[WHAT IS REQUIRED]:
Among the entries below, copy only the span from the line containing "Spread Love Not" through the line containing "FRNCH 925 Ayar". Do so exactly, and skip the pictures.

[RECORDS PROVIDED]:
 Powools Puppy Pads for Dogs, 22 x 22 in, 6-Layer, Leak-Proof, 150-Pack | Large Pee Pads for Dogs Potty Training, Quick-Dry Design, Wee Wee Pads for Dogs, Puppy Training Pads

---

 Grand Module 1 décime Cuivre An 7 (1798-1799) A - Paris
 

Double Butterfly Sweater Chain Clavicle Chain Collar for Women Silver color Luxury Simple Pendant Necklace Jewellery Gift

* * *

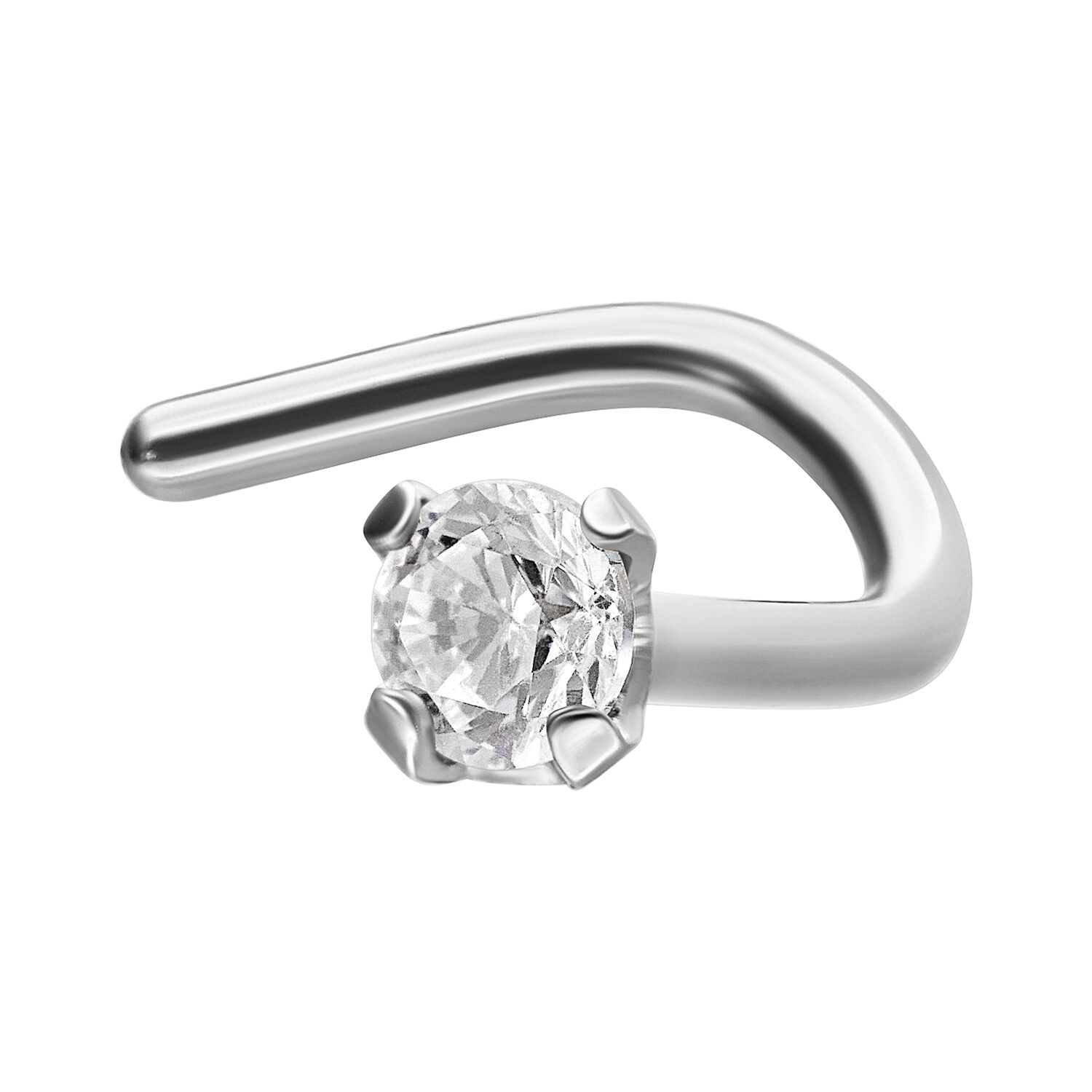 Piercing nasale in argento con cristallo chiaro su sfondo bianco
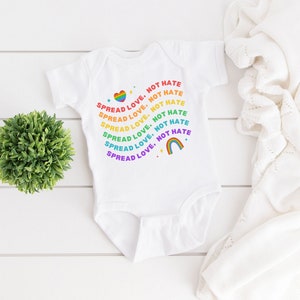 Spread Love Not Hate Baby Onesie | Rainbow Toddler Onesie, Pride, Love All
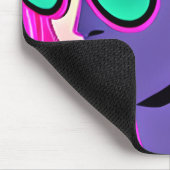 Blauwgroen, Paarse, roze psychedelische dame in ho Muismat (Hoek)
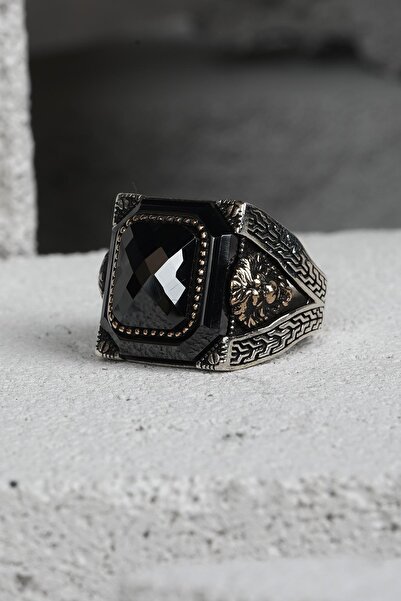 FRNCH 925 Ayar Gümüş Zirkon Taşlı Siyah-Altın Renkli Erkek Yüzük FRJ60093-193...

[EXERCISE RESULT]:
 Spread Love Not Hate Baby Onesie | Rainbow Toddler Onesie, Pride, Love All
 Blauwgroen, Paarse, roze psychedelische dame in ho Muismat (Hoek)
 FRNCH 925 Ayar Gümüş Zirkon Taşlı Siyah-Altın Renkli Erkek Yüzük FRJ60093-193...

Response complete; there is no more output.